Write out all the data again, exactly.

Provided data
-------
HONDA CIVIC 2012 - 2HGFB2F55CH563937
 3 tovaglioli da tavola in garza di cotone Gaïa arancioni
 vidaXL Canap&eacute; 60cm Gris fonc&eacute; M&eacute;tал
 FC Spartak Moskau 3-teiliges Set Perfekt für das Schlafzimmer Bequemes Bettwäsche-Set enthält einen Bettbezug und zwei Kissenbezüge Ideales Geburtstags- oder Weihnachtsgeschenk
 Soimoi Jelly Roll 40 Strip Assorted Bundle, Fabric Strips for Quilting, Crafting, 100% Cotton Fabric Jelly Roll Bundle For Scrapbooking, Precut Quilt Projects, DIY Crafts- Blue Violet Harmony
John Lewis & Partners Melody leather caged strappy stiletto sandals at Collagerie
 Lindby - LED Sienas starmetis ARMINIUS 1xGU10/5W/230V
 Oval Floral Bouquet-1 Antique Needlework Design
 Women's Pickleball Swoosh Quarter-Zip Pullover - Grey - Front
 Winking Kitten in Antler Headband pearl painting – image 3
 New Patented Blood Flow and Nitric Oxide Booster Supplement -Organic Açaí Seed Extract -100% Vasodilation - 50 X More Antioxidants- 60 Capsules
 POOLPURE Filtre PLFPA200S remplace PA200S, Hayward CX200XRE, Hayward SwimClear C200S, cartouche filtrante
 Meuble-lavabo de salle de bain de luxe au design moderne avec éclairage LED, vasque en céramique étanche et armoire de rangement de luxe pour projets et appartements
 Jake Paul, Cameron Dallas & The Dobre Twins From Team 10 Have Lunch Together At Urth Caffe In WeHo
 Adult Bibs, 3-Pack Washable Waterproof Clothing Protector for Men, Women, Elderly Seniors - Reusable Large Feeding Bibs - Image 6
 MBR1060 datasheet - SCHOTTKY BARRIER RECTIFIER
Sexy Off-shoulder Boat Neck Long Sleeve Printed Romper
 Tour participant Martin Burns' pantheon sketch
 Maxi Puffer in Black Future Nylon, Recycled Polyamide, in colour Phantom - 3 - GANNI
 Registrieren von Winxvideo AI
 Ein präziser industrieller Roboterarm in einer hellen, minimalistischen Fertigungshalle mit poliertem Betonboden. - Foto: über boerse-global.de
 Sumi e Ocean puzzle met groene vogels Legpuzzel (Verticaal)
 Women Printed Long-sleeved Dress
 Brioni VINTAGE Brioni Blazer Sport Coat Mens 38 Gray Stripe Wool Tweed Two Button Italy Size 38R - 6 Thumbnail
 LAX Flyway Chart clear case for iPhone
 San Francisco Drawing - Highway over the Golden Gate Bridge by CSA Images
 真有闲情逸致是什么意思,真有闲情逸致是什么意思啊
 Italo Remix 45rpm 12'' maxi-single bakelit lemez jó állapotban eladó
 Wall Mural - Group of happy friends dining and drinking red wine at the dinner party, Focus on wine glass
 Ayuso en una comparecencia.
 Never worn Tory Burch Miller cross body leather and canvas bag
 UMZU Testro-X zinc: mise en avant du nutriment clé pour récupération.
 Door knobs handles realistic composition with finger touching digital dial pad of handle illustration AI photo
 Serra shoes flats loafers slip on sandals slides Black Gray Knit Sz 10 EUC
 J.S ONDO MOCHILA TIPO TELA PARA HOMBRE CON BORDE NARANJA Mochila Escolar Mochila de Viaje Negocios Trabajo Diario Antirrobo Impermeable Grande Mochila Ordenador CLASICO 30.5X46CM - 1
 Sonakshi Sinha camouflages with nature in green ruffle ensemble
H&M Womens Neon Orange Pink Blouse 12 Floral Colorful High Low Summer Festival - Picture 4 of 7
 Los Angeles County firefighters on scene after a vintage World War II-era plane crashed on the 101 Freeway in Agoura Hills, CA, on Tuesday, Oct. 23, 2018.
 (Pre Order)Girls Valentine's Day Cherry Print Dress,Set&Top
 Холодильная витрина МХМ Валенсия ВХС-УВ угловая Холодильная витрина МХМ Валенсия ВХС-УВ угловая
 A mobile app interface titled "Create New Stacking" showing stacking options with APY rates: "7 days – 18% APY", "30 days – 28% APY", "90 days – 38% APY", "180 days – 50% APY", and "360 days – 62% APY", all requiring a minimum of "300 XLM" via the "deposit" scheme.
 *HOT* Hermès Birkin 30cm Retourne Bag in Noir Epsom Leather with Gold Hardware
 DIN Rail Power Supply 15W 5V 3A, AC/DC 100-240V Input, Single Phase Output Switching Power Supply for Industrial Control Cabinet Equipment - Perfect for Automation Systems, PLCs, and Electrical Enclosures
-------
Written response
HONDA CIVIC 2012 - 2HGFB2F55CH563937
 3 tovaglioli da tavola in garza di cotone Gaïa arancioni
 vidaXL Canap&eacute; 60cm Gris fonc&eacute; M&eacute;tал
 FC Spartak Moskau 3-teiliges Set Perfekt für das Schlafzimmer Bequemes Bettwäsche-Set enthält einen Bettbezug und zwei Kissenbezüge Ideales Geburtstags- oder Weihnachtsgeschenk
 Soimoi Jelly Roll 40 Strip Assorted Bundle, Fabric Strips for Quilting, Crafting, 100% Cotton Fabric Jelly Roll Bundle For Scrapbooking, Precut Quilt Projects, DIY Crafts- Blue Violet Harmony
John Lewis & Partners Melody leather caged strappy stiletto sandals at Collagerie
 Lindby - LED Sienas starmetis ARMINIUS 1xGU10/5W/230V
 Oval Floral Bouquet-1 Antique Needlework Design
 Women's Pickleball Swoosh Quarter-Zip Pullover - Grey - Front
 Winking Kitten in Antler Headband pearl painting – image 3
 New Patented Blood Flow and Nitric Oxide Booster Supplement -Organic Açaí Seed Extract -100% Vasodilation - 50 X More Antioxidants- 60 Capsules
 POOLPURE Filtre PLFPA200S remplace PA200S, Hayward CX200XRE, Hayward SwimClear C200S, cartouche filtrante
 Meuble-lavabo de salle de bain de luxe au design moderne avec éclairage LED, vasque en céramique étanche et armoire de rangement de luxe pour projets et appartements
 Jake Paul, Cameron Dallas & The Dobre Twins From Team 10 Have Lunch Together At Urth Caffe In WeHo
 Adult Bibs, 3-Pack Washable Waterproof Clothing Protector for Men, Women, Elderly Seniors - Reusable Large Feeding Bibs - Image 6
 MBR1060 datasheet - SCHOTTKY BARRIER RECTIFIER
Sexy Off-shoulder Boat Neck Long Sleeve Printed Romper
 Tour participant Martin Burns' pantheon sketch
 Maxi Puffer in Black Future Nylon, Recycled Polyamide, in colour Phantom - 3 - GANNI
 Registrieren von Winxvideo AI
 Ein präziser industrieller Roboterarm in einer hellen, minimalistischen Fertigungshalle mit poliertem Betonboden. - Foto: über boerse-global.de
 Sumi e Ocean puzzle met groene vogels Legpuzzel (Verticaal)
 Women Printed Long-sleeved Dress
 Brioni VINTAGE Brioni Blazer Sport Coat Mens 38 Gray Stripe Wool Tweed Two Button Italy Size 38R - 6 Thumbnail
 LAX Flyway Chart clear case for iPhone
 San Francisco Drawing - Highway over the Golden Gate Bridge by CSA Images
 真有闲情逸致是什么意思,真有闲情逸致是什么意思啊
 Italo Remix 45rpm 12'' maxi-single bakelit lemez jó állapotban eladó
 Wall Mural - Group of happy friends dining and drinking red wine at the dinner party, Focus on wine glass
 Ayuso en una comparecencia.
 Never worn Tory Burch Miller cross body leather and canvas bag
 UMZU Testro-X zinc: mise en avant du nutriment clé pour récupération.
 Door knobs handles realistic composition with finger touching digital dial pad of handle illustration AI photo
 Serra shoes flats loafers slip on sandals slides Black Gray Knit Sz 10 EUC
 J.S ONDO MOCHILA TIPO TELA PARA HOMBRE CON BORDE NARANJA Mochila Escolar Mochila de Viaje Negocios Trabajo Diario Antirrobo Impermeable Grande Mochila Ordenador CLASICO 30.5X46CM - 1
 Sonakshi Sinha camouflages with nature in green ruffle ensemble
H&M Womens Neon Orange Pink Blouse 12 Floral Colorful High Low Summer Festival - Picture 4 of 7
 Los Angeles County firefighters on scene after a vintage World War II-era plane crashed on the 101 Freeway in Agoura Hills, CA, on Tuesday, Oct. 23, 2018.
 (Pre Order)Girls Valentine's Day Cherry Print Dress,Set&Top
 Холодильная витрина МХМ Валенсия ВХС-УВ угловая Холодильная витрина МХМ Валенсия ВХС-УВ угловая
 A mobile app interface titled "Create New Stacking" showing stacking options with APY rates: "7 days – 18% APY", "30 days – 28% APY", "90 days – 38% APY", "180 days – 50% APY", and "360 days – 62% APY", all requiring a minimum of "300 XLM" via the "deposit" scheme.
 *HOT* Hermès Birkin 30cm Retourne Bag in Noir Epsom Leather with Gold Hardware
 DIN Rail Power Supply 15W 5V 3A, AC/DC 100-240V Input, Single Phase Output Switching Power Supply for Industrial Control Cabinet Equipment - Perfect for Automation Systems, PLCs, and Electrical Enclosures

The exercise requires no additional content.